Taiwan's legislature passed a law on Friday allowing same-sex marriage, a first for Asia.
"Through legalisation, (we) ensure that everyone's love is equal and everyone is treated equally", added Tsai, who campaigned on a promise of marriage equality in the 2016 presidential election.
The 27-article bill, titled Enforcement Act of Judicial Yuan Interpretation No. 748, cleared the legislative floor at 3:30 p.m. Friday against the backdrop of loud cheers from tens of thousands of gay marriage supporters gathered outside the Legislative Yuan.
"Catholicism's definition of marriage is one man, one woman", said Chen Ke, a Catholic pastor in Taiwan and an opponent of same-sex marriage.
"Is same-sex marriage that important and urgent?", Liu Yan wrote on Facebook.
The landmark decision cements Taiwan's reputation as a beacon of liberalism in a region where the LGBT community faces increasing persecution, and will give a long-awaited boost to Asia's burgeoning gay rights movement.
The vote came after Taiwan's top court ruled that not allowing same-sex couples to marry violates the constitution.
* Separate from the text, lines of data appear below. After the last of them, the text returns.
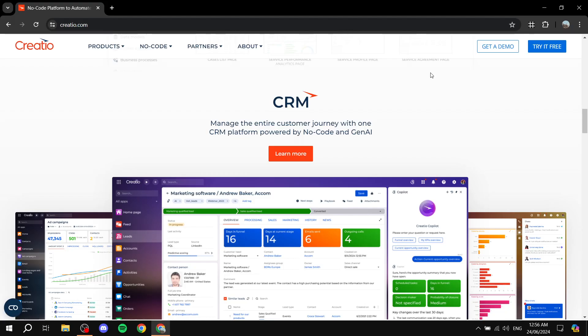How to use Creatio CRM for beginners. Hey everyone and welcome — we hope you're all doing great. In this video I'll be talking about Creatio CRM and how to actually get started using it. I will show you the basics, the dashboard, and exactly how to add or create leads.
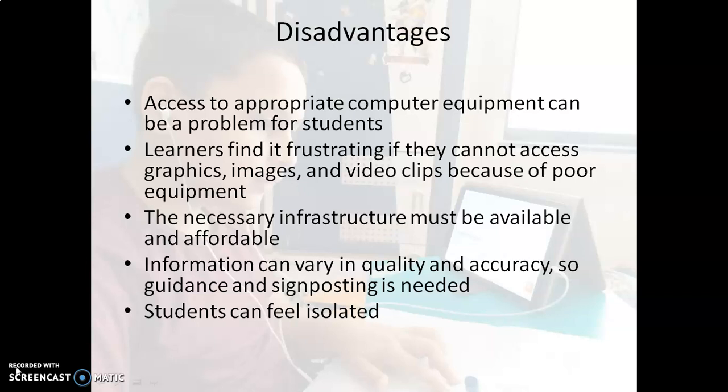Anyways, in today's scenario, web-based learning is a very important tool for teachers and students. When students and teachers cannot come together in a class, we have to design a web-based program. Thank you.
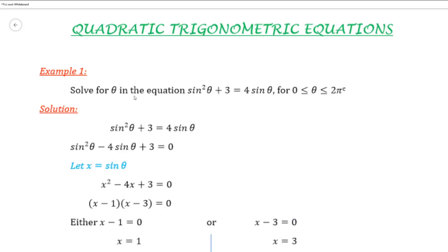Example 1: solve for theta in the equation sine squared theta plus 3 equal 4 sine theta, for theta between 0 and 2 pi radians. Since the interval is given in radians, we want our answers in radians. For our solution, we start off by getting 0 on the right-hand side of the equation, giving us sine squared theta minus 4 sine theta plus 3 equal 0.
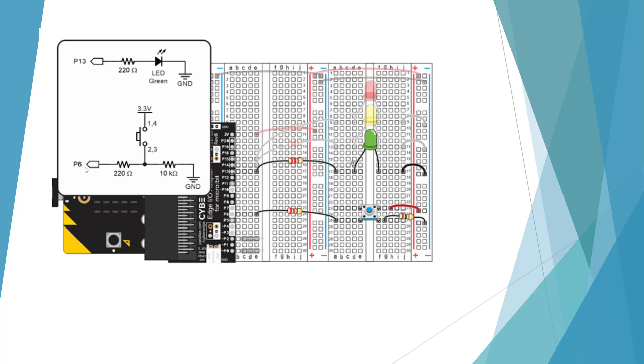Here we have P6 going to a 220 ohm resistor, our switch, and a 10k ohm resistor to ground. And make sure that your switch goes across that trough there. Otherwise it'll be shorter to cross.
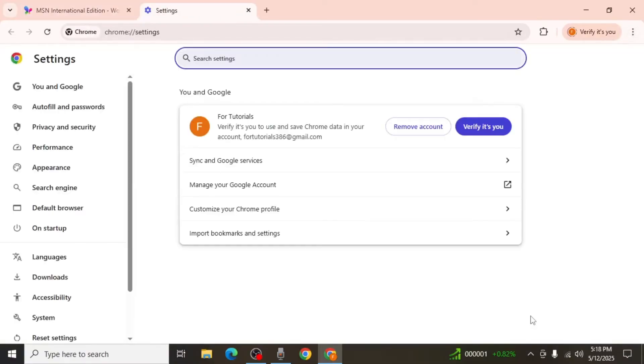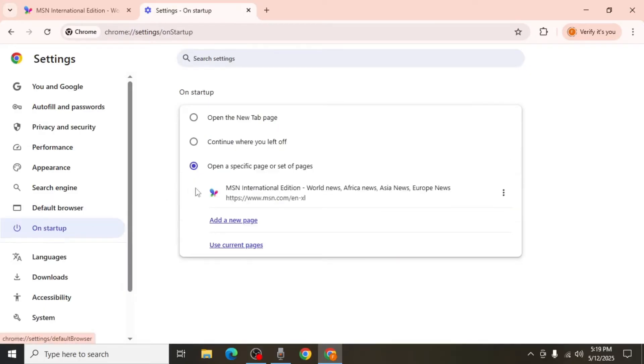Once inside the Settings menu, look to the left hand side of the screen and find the section labeled On Startup. Click on this option. You will now see the MSN URL listed among the pages set to Open On Startup.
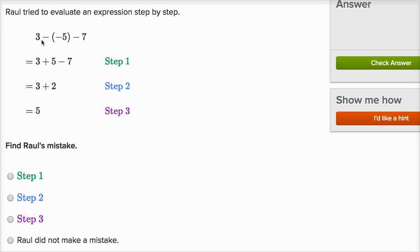Let's look at this first step. It says three minus negative five minus seven. It looks like he correctly recognized that subtracting a negative five is the same thing as adding a positive five, so he replaced the minus negative five with plus five right over there. So step one seems all right.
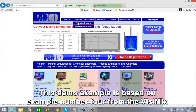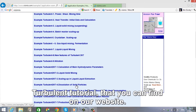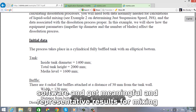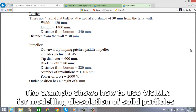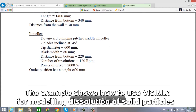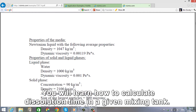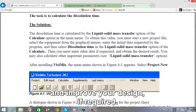This demo example is based on example number 4 from the Vizimix turbulent tutorial that you can find on our website. We want to show you through this example how you can operate Vizimix software and get meaningful and representative results for mixing in your stir tank. The example shows you how to use Vizimix for modeling dissolution of solid particles suspended in liquid. You will learn how to calculate dissolution time in a given mixing tank. You will evaluate the suitability of this tank for your process and improve your design if required.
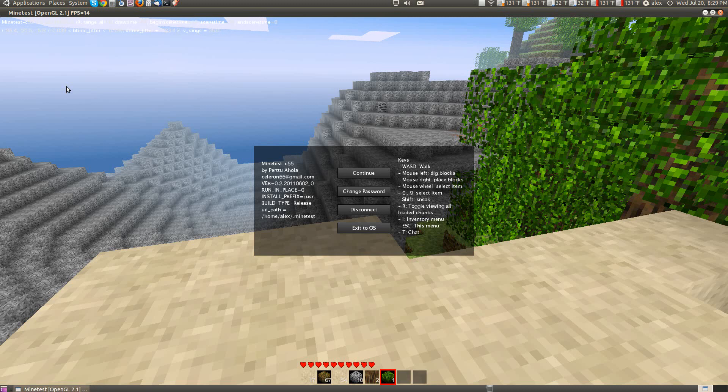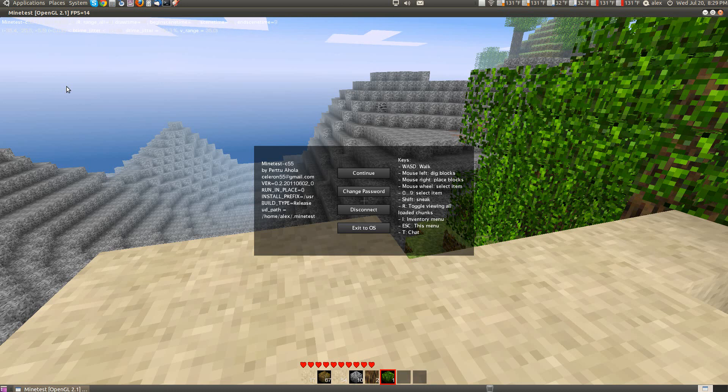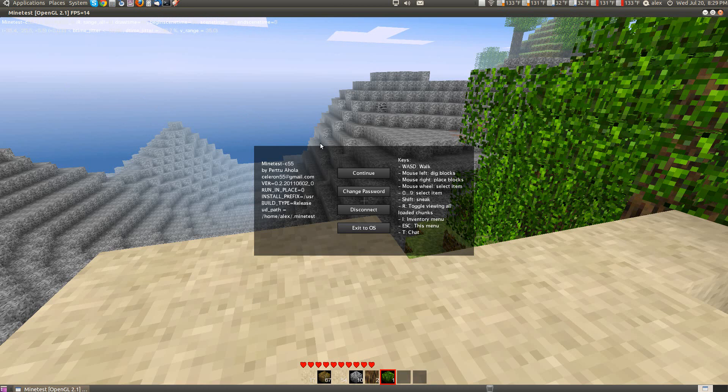For those of you who are into gaming on Linux or are big fans of Minecraft, I think you'll enjoy this game. It's called Minetest, a C++ based game that works on Linux and was based off of Minecraft.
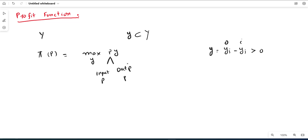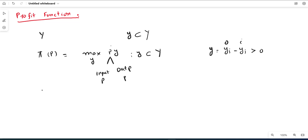The objective function is such that the production plan y is a subset of the production possibility set. This is the objective function of the profit function. It is important to note that this is a linear profit function, because the maximum power of the price factor as well as the production plan is equal to 1.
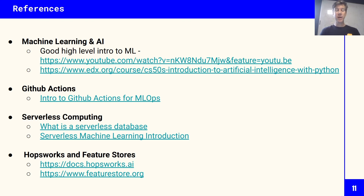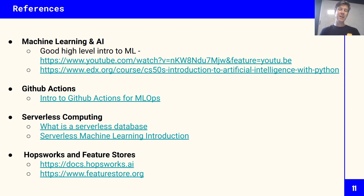There are many references listed for getting started with GitHub Actions, GitHub Pages, Hopsworks, and feature stores for further reading. That's a short introduction to the tools and frameworks we're going to use in this course. Feel free to dive in, and remember to join our Slack channel on the Feature Store Org Slack board to ask questions. We also have office hours for real-time Q&A — thanks, and join us on the next episode.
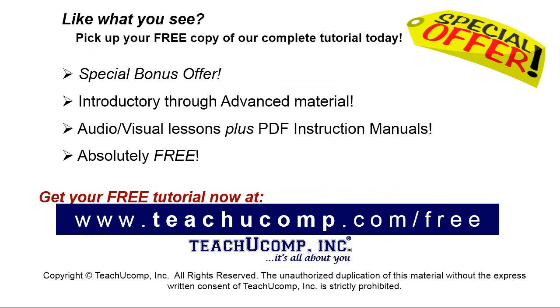Like what you see? Pick up your free copy of the complete tutorial at www.teachucomp.com forward slash free.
Conservative and religious groups have been buoyed by a series of referendum wins in November, in which voters comprehensively rejected defining marriage as anything other than a union between a man and a woman.
Late past year, Taiwan voters opposed same-sex marriage in a series of referendums, defining marriage as being between a man and a woman in civil law, though seeking a special law for same-sex unions.Читайте также: Royal baby Archie's birth certificate PICTURED - confirms where he was born
Mainland China, ruled by the authoritarian Communist Party, remains much more conservative and officials have repeatedly discouraged even the discussion of legalizing same-sex marriage.
President Tsai Ing-wen is expected to sign the bill before a court deadline to legalize same-sex marriage. "We took a big step toward true equality, and made Taiwan a better country".
The Cabinet's Bill incorporates the word "marriage" and covers adoption rights for same-sex couples, albeit limited ones.
"For the gay communities what matters the most is whether we can legally get married on May 24 and be listed as the spouse in ID cards, to be treated and respected as the "spouse" in the whole legal system. and whether same-sex families can obtain legal parental rights for their children".
"How can we ignore the result of the referendums, which demonstrated the will of the people?"
"What a tremendous victory for LGBT rights!" said Phil Robertson, deputy Asia director at Human Rights Watch.
Taiwan is the regional leader for LGBTI rights.
Taiwan has always been something of a beacon for LGBT rights in East Asia.
Vietnam decriminalised gay marriage celebrations in 2015, but it stopped short of full legal recognition for same-sex unions.При любом использовании материалов сайта и дочерних проектов, гиперссылка на обязательна.